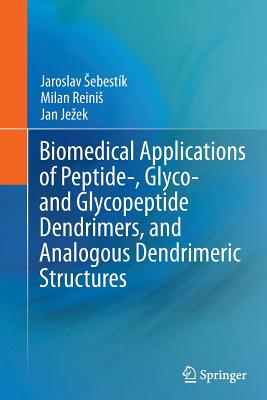 Biomedical Applications of Peptide-, Glyco- And Glycopeptide Dendrimers, and Analogous Dendrimeric Structures - Sebestik, Jaroslav, and Reinis, Milan, and Jezek, Jan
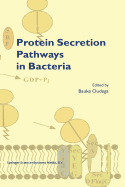 Protein Secretion Pathways in Bacteria - Oudega, B. (Editor)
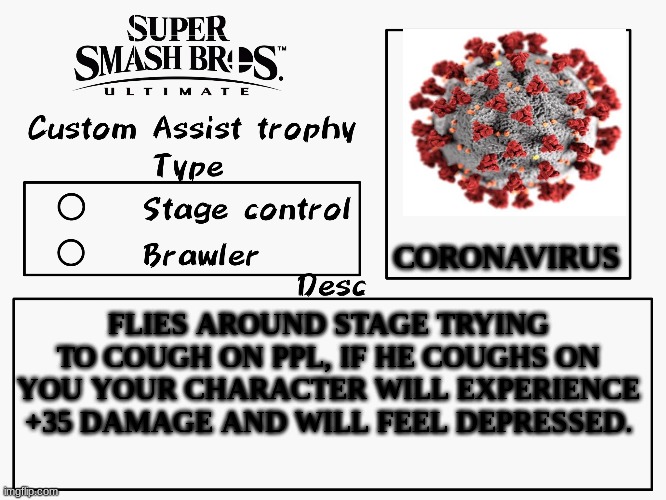 Custom assist trophy | CORONAVIRUS; FLIES AROUND STAGE TRYING TO COUGH ON PPL, IF HE COUGHS ON YOU YOUR CHARACTER WILL EXPERIENCE +35 DAMAGE AND WILL FEEL DEPRESSED. | image tagged in custom assist trophy | made w/ Imgflip meme maker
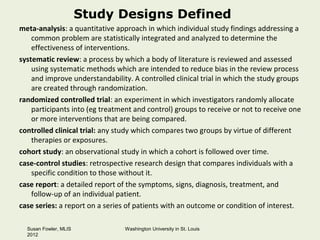 Study Designs Defined
meta-analysis: a quantitative approach in which individual study findings addressing a
    common problem are statistically integrated and analyzed to determine the
    effectiveness of interventions.
systematic review: a process by which a body of literature is reviewed and assessed
    using systematic methods which are intended to reduce bias in the review process
    and improve understandability. A controlled clinical trial in which the study groups
    are created through randomization.
randomized controlled trial: an experiment in which investigators randomly allocate
    participants into (eg treatment and control) groups to receive or not to receive one
    or more interventions that are being compared.
controlled clinical trial: any study which compares two groups by virtue of different
    therapies or exposures.
cohort study: an observational study in which a cohort is followed over time.
case-control studies: retrospective research design that compares individuals with a
    specific condition to those without it.
case report: a detailed report of the symptoms, signs, diagnosis, treatment, and
    follow-up of an individual patient.
case series: a report on a series of patients with an outcome or condition of interest.

  Susan Fowler, MLIS             Washington University in St. Louis
  2012
 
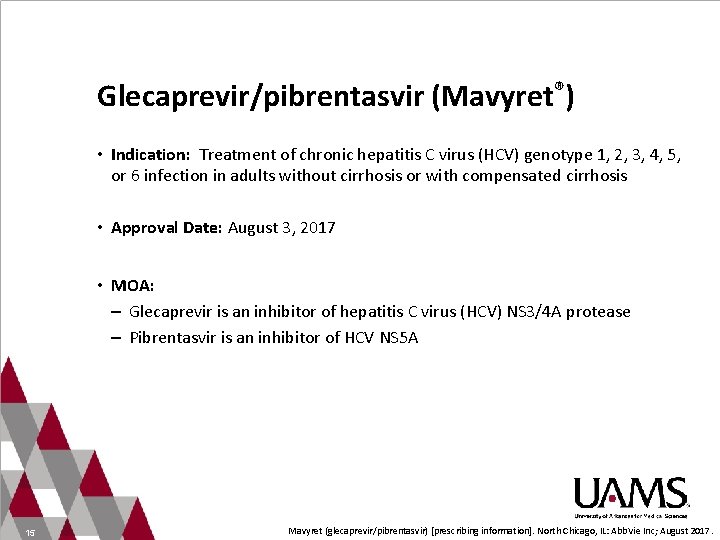 Glecaprevir/pibrentasvir (Mavyret®) • Indication: Treatment of chronic hepatitis C virus (HCV) genotype 1, 2,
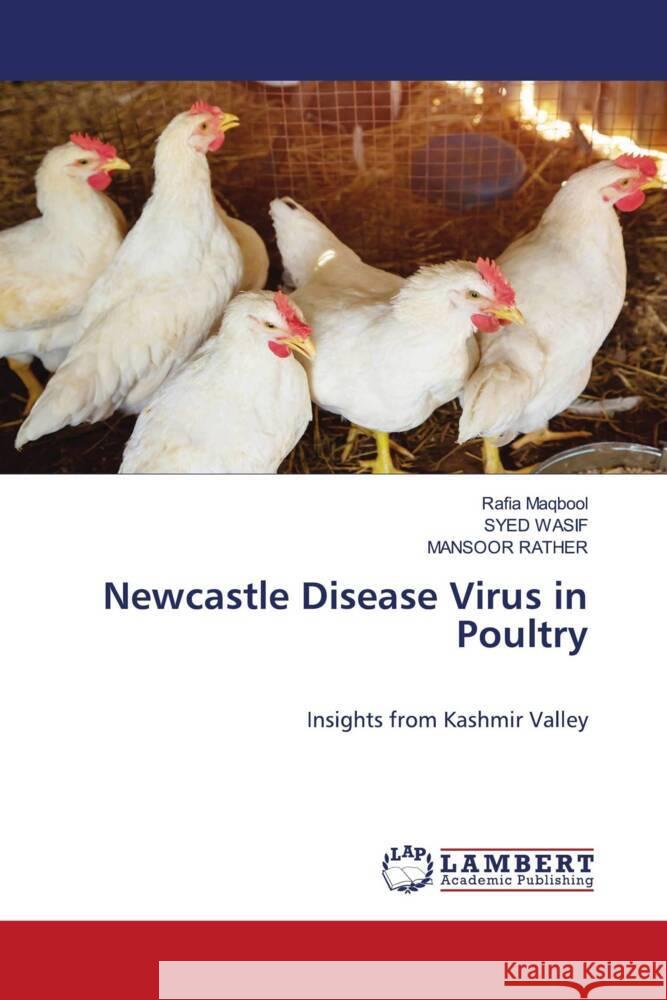 Newcastle Disease Virus in Poultry Rafia Maqbool Syed Wasif Mansoor Rather 9786207999095 LAP Lambert Academic Publishing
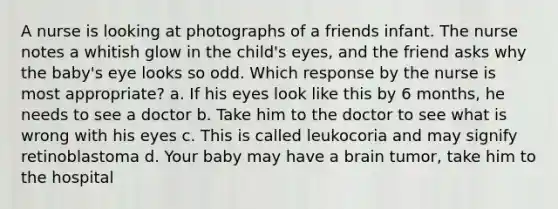 A nurse is looking at photographs of a friends infant. The nurse notes a whitish glow in the child's eyes, and the friend asks why the baby's eye looks so odd. Which response by the nurse is most appropriate? a. If his eyes look like this by 6 months, he needs to see a doctor b. Take him to the doctor to see what is wrong with his eyes c. This is called leukocoria and may signify retinoblastoma d. Your baby may have a brain tumor, take him to the hospital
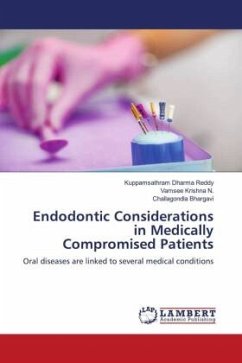 Endodontic Considerations in Medically Compromised Patients - Dharma Reddy, Kuppamsathram;N., Vamsee Krishna;Bhargavi, Challagondla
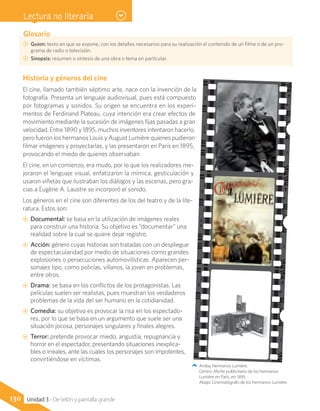 Glosario
CC Guion: texto en que se expone, con los detalles necesarios para su realización el contenido de un filme o de un pro-
grama de radio o televisión.
CC Sinopsis: resumen o síntesis de una obra o tema en particular.
Historia y géneros del cine
El cine, llamado también séptimo arte, nace con la invención de la
fotografía. Presenta un lenguaje audiovisual, pues está compuesto
por fotogramas y sonidos. Su origen se encuentra en los experi-
mentos de Ferdinand Plateau, cuya intención era crear efectos de
movimiento mediante la sucesión de imágenes fijas pasadas a gran
velocidad. Entre 1890 y 1895, muchos inventores intentaron hacerlo,
pero fueron los hermanos Louis y August Lumière quienes pudieron
filmar imágenes y proyectarlas, y las presentaron en París en 1895,
provocando el miedo de quienes observaban.
El cine, en un comienzo, era mudo, por lo que los realizadores me-
joraron el lenguaje visual, enfatizaron la mímica, gesticulación y
usaron viñetas que ilustraban los diálogos y las escenas, pero gra-
cias a Eugène A. Laustre se incorporó el sonido.
Los géneros en el cine son diferentes de los del teatro y de la lite-
ratura. Estos son:
AA Documental: se basa en la utilización de imágenes reales
para construir una historia. Su objetivo es “documentar” una
realidad sobre la cual se quiere dejar registro.
AA Acción: género cuyas historias son tratadas con un despliegue
de espectacularidad por medio de situaciones como grandes
explosiones o persecuciones automovilísticas. Aparecen per-
sonajes tipo, como policías, villanos, la joven en problemas,
entre otros.
AA Drama: se basa en los conflictos de los protagonistas. Las
películas suelen ser realistas, pues muestran los verdaderos
problemas de la vida del ser humano en la cotidianidad.
AA Comedia: su objetivo es provocar la risa en los espectado-
res, por lo que se basa en un argumento que suele ser una
situación jocosa, personajes singulares y finales alegres.
AA Terror: pretende provocar miedo, angustia, repugnancia y
horror en el espectador, presentando situaciones inexplica-
bles o irreales, ante las cuales los personajes son impotentes,
convirtiéndose en víctimas.
Arriba: Hermanos Lumière.
Centro: Afiche publicitario de los hermanos
Lumiére en París, en 1895.
Abajo: Cinematógrafo de los hermanos Lumière.
130 Unidad 3 - De telón y pantalla grande
Lectura no literaria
━━━
■ **Exercise goal**
Word for word, retype the material above without its pictures.

■ **Answer area**
 Biomedical Applications of Peptide-, Glyco- And Glycopeptide Dendrimers, and Analogous Dendrimeric Structures - Sebestik, Jaroslav, and Reinis, Milan, and Jezek, Jan
 Protein Secretion Pathways in Bacteria - Oudega, B. (Editor)
 Custom assist trophy | CORONAVIRUS; FLIES AROUND STAGE TRYING TO COUGH ON PPL, IF HE COUGHS ON YOU YOUR CHARACTER WILL EXPERIENCE +35 DAMAGE AND WILL FEEL DEPRESSED. | image tagged in custom assist trophy | made w/ Imgflip meme maker
 Study Designs Defined
meta-analysis: a quantitative approach in which individual study findings addressing a
    common problem are statistically integrated and analyzed to determine the
    effectiveness of interventions.
systematic review: a process by which a body of literature is reviewed and assessed
    using systematic methods which are intended to reduce bias in the review process
    and improve understandability. A controlled clinical trial in which the study groups
    are created through randomization.
randomized controlled trial: an experiment in which investigators randomly allocate
    participants into (eg treatment and control) groups to receive or not to receive one
    or more interventions that are being compared.
controlled clinical trial: any study which compares two groups by virtue of different
    therapies or exposures.
cohort study: an observational study in which a cohort is followed over time.
case-control studies: retrospective research design that compares individuals with a
    specific condition to those without it.
case report: a detailed report of the symptoms, signs, diagnosis, treatment, and
    follow-up of an individual patient.
case series: a report on a series of patients with an outcome or condition of interest.

  Susan Fowler, MLIS             Washington University in St. Louis
  2012
 
 Glecaprevir/pibrentasvir (Mavyret®) • Indication: Treatment of chronic hepatitis C virus (HCV) genotype 1, 2,
 Newcastle Disease Virus in Poultry Rafia Maqbool Syed Wasif Mansoor Rather 9786207999095 LAP Lambert Academic Publishing
 A nurse is looking at photographs of a friends infant. The nurse notes a whitish glow in the child's eyes, and the friend asks why the baby's eye looks so odd. Which response by the nurse is most appropriate? a. If his eyes look like this by 6 months, he needs to see a doctor b. Take him to the doctor to see what is wrong with his eyes c. This is called leukocoria and may signify retinoblastoma d. Your baby may have a brain tumor, take him to the hospital
 Endodontic Considerations in Medically Compromised Patients - Dharma Reddy, Kuppamsathram;N., Vamsee Krishna;Bhargavi, Challagondla
 Glosario
CC Guion: texto en que se expone, con los detalles necesarios para su realización el contenido de un filme o de un pro-
grama de radio o televisión.
CC Sinopsis: resumen o síntesis de una obra o tema en particular.
Historia y géneros del cine
El cine, llamado también séptimo arte, nace con la invención de la
fotografía. Presenta un lenguaje audiovisual, pues está compuesto
por fotogramas y sonidos. Su origen se encuentra en los experi-
mentos de Ferdinand Plateau, cuya intención era crear efectos de
movimiento mediante la sucesión de imágenes fijas pasadas a gran
velocidad. Entre 1890 y 1895, muchos inventores intentaron hacerlo,
pero fueron los hermanos Louis y August Lumière quienes pudieron
filmar imágenes y proyectarlas, y las presentaron en París en 1895,
provocando el miedo de quienes observaban.
El cine, en un comienzo, era mudo, por lo que los realizadores me-
joraron el lenguaje visual, enfatizaron la mímica, gesticulación y
usaron viñetas que ilustraban los diálogos y las escenas, pero gra-
cias a Eugène A. Laustre se incorporó el sonido.
Los géneros en el cine son diferentes de los del teatro y de la lite-
ratura. Estos son:
AA Documental: se basa en la utilización de imágenes reales
para construir una historia. Su objetivo es “documentar” una
realidad sobre la cual se quiere dejar registro.
AA Acción: género cuyas historias son tratadas con un despliegue
de espectacularidad por medio de situaciones como grandes
explosiones o persecuciones automovilísticas. Aparecen per-
sonajes tipo, como policías, villanos, la joven en problemas,
entre otros.
AA Drama: se basa en los conflictos de los protagonistas. Las
películas suelen ser realistas, pues muestran los verdaderos
problemas de la vida del ser humano en la cotidianidad.
AA Comedia: su objetivo es provocar la risa en los espectado-
res, por lo que se basa en un argumento que suele ser una
situación jocosa, personajes singulares y finales alegres.
AA Terror: pretende provocar miedo, angustia, repugnancia y
horror en el espectador, presentando situaciones inexplica-
bles o irreales, ante las cuales los personajes son impotentes,
convirtiéndose en víctimas.
Arriba: Hermanos Lumière.
Centro: Afiche publicitario de los hermanos
Lumiére en París, en 1895.
Abajo: Cinematógrafo de los hermanos Lumière.
130 Unidad 3 - De telón y pantalla grande
Lectura no literaria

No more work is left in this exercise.